== Information provided

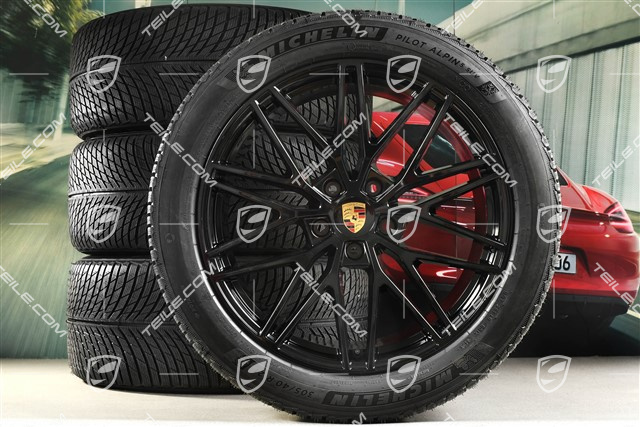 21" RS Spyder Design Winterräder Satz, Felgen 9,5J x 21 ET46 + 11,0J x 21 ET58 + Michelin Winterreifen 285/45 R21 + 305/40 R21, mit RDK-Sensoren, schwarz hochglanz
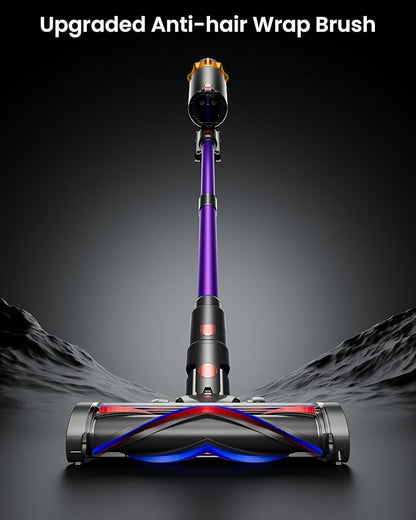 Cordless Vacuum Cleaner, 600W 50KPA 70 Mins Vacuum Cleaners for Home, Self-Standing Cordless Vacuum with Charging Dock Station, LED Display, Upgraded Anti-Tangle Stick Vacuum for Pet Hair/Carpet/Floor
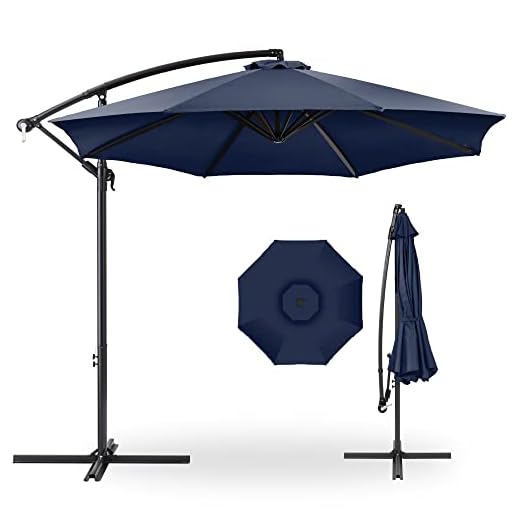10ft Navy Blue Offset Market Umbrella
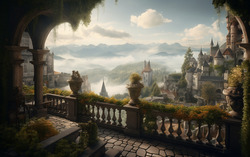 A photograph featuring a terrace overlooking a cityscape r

====

**Task description:** Keeping every word as it is, write out all the data and omit the pictures.

**Reply:**
 21" RS Spyder Design Winterräder Satz, Felgen 9,5J x 21 ET46 + 11,0J x 21 ET58 + Michelin Winterreifen 285/45 R21 + 305/40 R21, mit RDK-Sensoren, schwarz hochglanz
 Cordless Vacuum Cleaner, 600W 50KPA 70 Mins Vacuum Cleaners for Home, Self-Standing Cordless Vacuum with Charging Dock Station, LED Display, Upgraded Anti-Tangle Stick Vacuum for Pet Hair/Carpet/Floor
10ft Navy Blue Offset Market Umbrella
 A photograph featuring a terrace overlooking a cityscape r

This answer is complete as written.